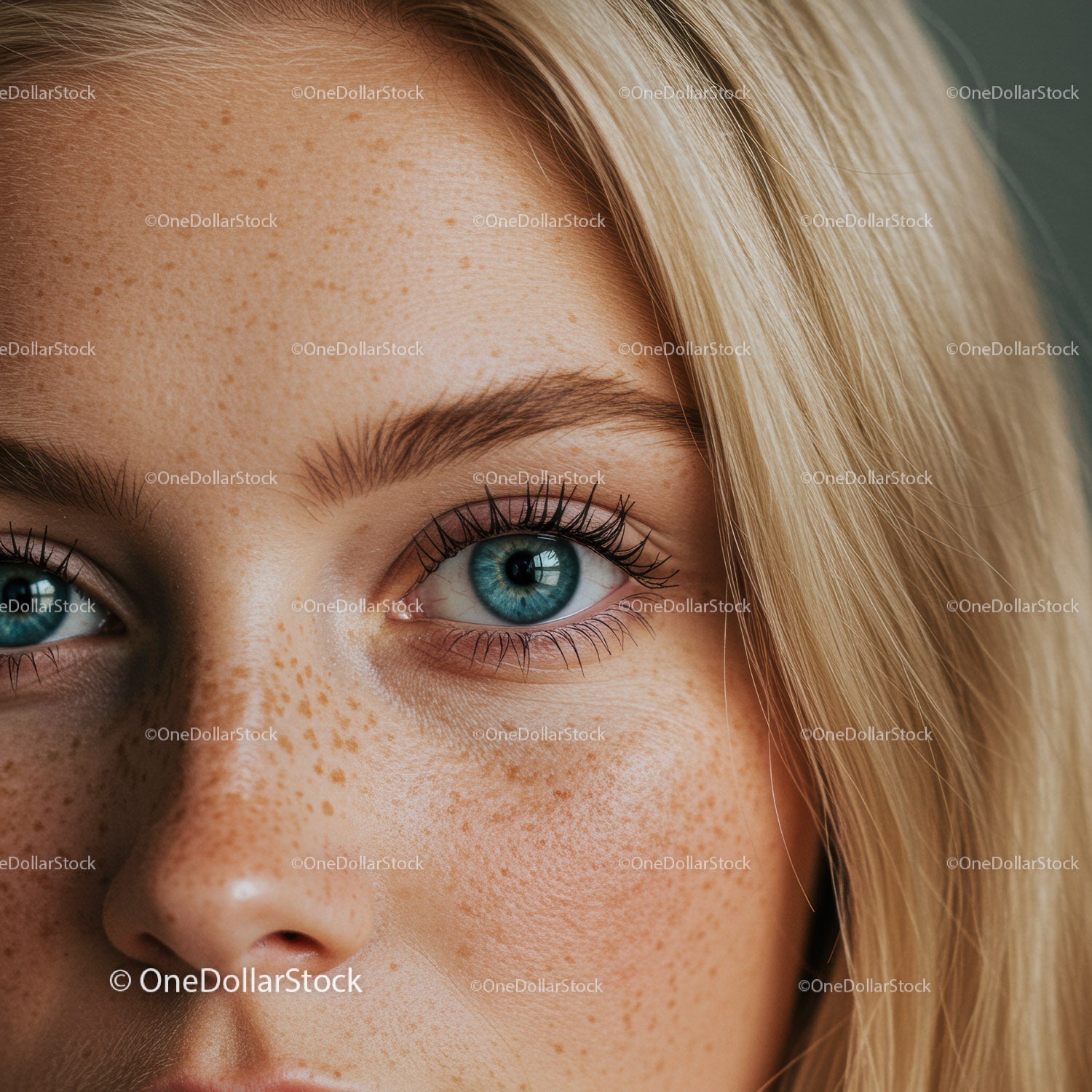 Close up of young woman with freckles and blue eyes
==
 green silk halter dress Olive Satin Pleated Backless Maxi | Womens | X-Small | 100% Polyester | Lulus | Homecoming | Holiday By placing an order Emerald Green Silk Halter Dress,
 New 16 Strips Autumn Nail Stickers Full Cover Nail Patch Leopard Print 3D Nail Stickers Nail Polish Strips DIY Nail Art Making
==
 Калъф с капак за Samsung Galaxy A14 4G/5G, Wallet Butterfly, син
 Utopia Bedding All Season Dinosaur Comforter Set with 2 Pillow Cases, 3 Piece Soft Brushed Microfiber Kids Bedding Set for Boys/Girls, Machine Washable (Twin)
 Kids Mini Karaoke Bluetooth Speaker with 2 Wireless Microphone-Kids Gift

■ **What to produce**:
Show, from the material above, each line that includes the string "Kids".

■ **Result of the exercise**:
 Utopia Bedding All Season Dinosaur Comforter Set with 2 Pillow Cases, 3 Piece Soft Brushed Microfiber Kids Bedding Set for Boys/Girls, Machine Washable (Twin)
 Kids Mini Karaoke Bluetooth Speaker with 2 Wireless Microphone-Kids Gift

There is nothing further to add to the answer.